その女性清掃員が出発監視中の車掌に何やら話しかけたように見えましたが、車掌は列車を止めることなく走り去った。
その様子を撮影したツイッター
これそのまま引きずって走れば、ホーム上の他の旅客に接触して負傷する危険性が相当高く、この女性の行動はファインプレーかもしれない。
しかし下手すればこの女性清掃員は足元をすくわれて負傷することも大いに考えられるため、本来はホーム上の非常停止ボタンを押して新幹線を止めるのがベストでしょうね。
そうなるとかなりの遅延が見込まれるのですが、このケースではそれもやむを得ないのではないのかな。
車いすの介助をしていた係員が車内(ドアの付近)に立っているような姿が見られるので、車内へ車いすの方を乗車せている間にドアが閉まって発車したようですね。
この係員は車掌に車いすの方を乗車させる旨を通告していなかったのでしょうか。
JRはよくマイクを使って車いすの方を乗降させることを車掌に伝えていましたが、マイクを使った伝達方法によって女性の方が迷惑を被る事案もありましたし、どうなっているのかなと。

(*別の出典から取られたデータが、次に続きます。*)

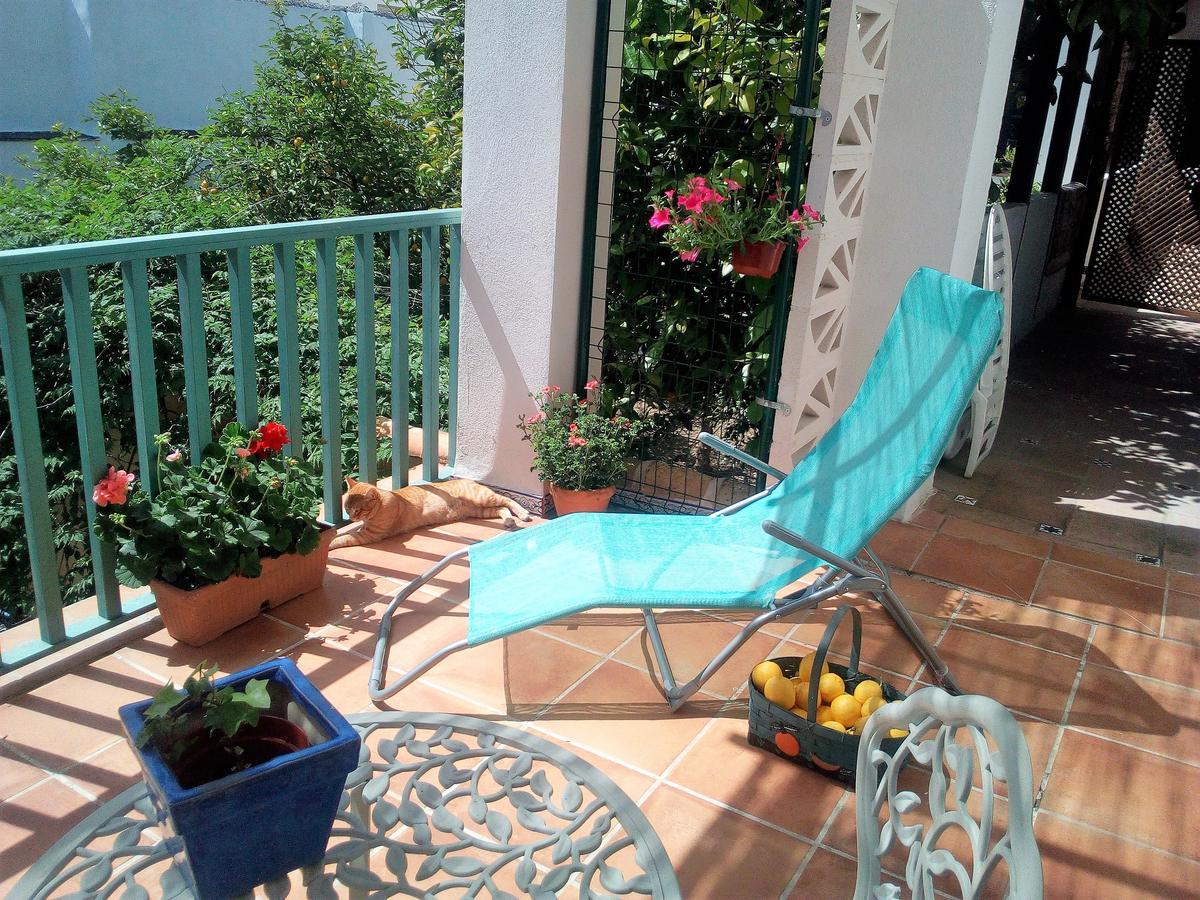 Patio Del Limonero Apartment กอร์โดบา ภายนอก รูปภาพ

そして車掌ですが、車いすのスロープ板を設置するところから見ていれば、外されていないことにも気づくでしょうが、設置するところを見ていなければスロープ板に気付かずにドアを閉めることは十分あり得ます。
「駅には車掌がホームの状況を確認するためのモニターが備えられており、確認もできたはずだ」とYahoo!ニュースのコメント欄に書かれているフリーライターの方がいますが、スロープ板が設置されていた個所から車掌までは50mもないほどの距離ですから、よほどの曲線ホームで直視では監視できないのでなければモニターでの監視範囲ではないと思われます。

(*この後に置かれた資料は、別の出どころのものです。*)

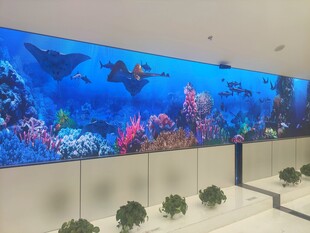 大型室内观景水族箱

約50m先の薄い車いす用スロープ板を目視で発見することは困難だし、モニターとなればさらにスロープ板の存在は確認できないですよ。
そもそも乗降監視用のカメラはそんな低い場所ではなく、ドアの中央部が最も映るように設置されますから、板だけを確認するなんてまず無理です。

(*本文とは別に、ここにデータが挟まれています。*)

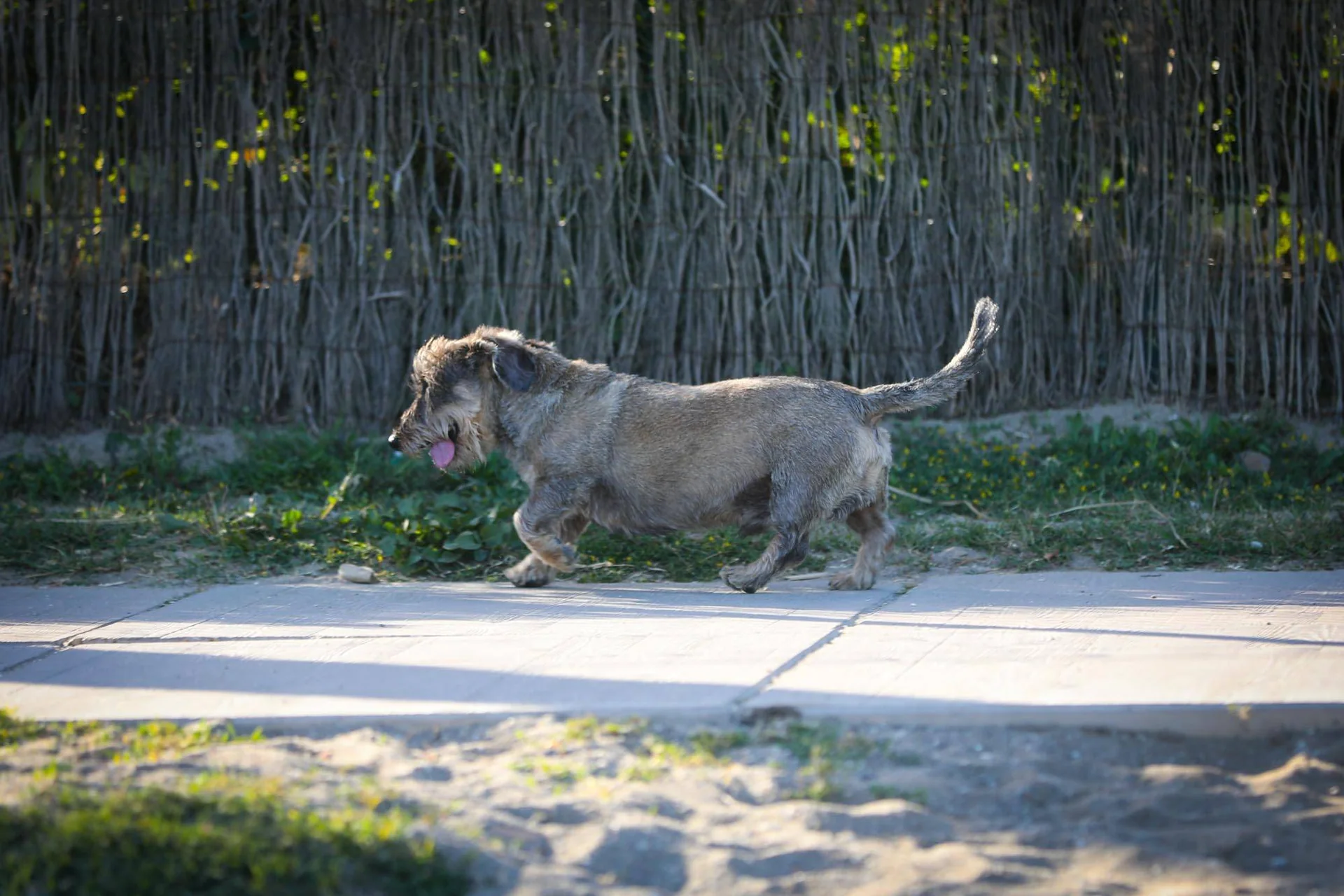 En liten, grå hund løper langs en sti ved et sivgjerde.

ただし清掃員があれだけ車両に接近していることから、何か異常があったのではと考えて列車を止めるという行動に移せなかったのは問題ありかもしれません。
運転士になってから車掌業務をしていて、優等列車待避の間に車いすを乗せていた助役がいました。
私はその場面を見ておらず、信号が変わって出発時間になったからドアを閉めたところ、運転士から連続ベルを鳴らされ慌ててドアを開けると、車内からその助役が慌てて飛び出てきたということがあります。
また同じ駅で別の助役が同じような場面で車いすを車内に入れたところで、同じように車掌がドアを閉めた。
今度はスロープ板を設置したままの状態だったのでドアで挟まれたために、運転士をしていた私がベルを鳴らしてドアを再開扉させたこともあります。
乗降監視用カメラ・モニターが設置されている駅ですが、足元付近なんてそんなにきれいには映し出されておらず、スロープ板が設置されていることは確認不可でしたよ。
新幹線で使用している車いす用スロープ板が良い物なのかもしれませんが、板を設置した状態ではドアが閉まらないモノにする方が安全面からも良いかもしれないですね。
これならば今回のケースでもスロープ板が引きずられていることはなかったわけですから。
というよりも、発車間際に車いすの介助が必要だったことも問題なのですけどね。
時間に余裕があれば介助をした係員も降りられたわけだし、スロープ板も外せたわけです。
誰が悪いと一概に決めつけられない事案だけに、厄介な問題だなと思います。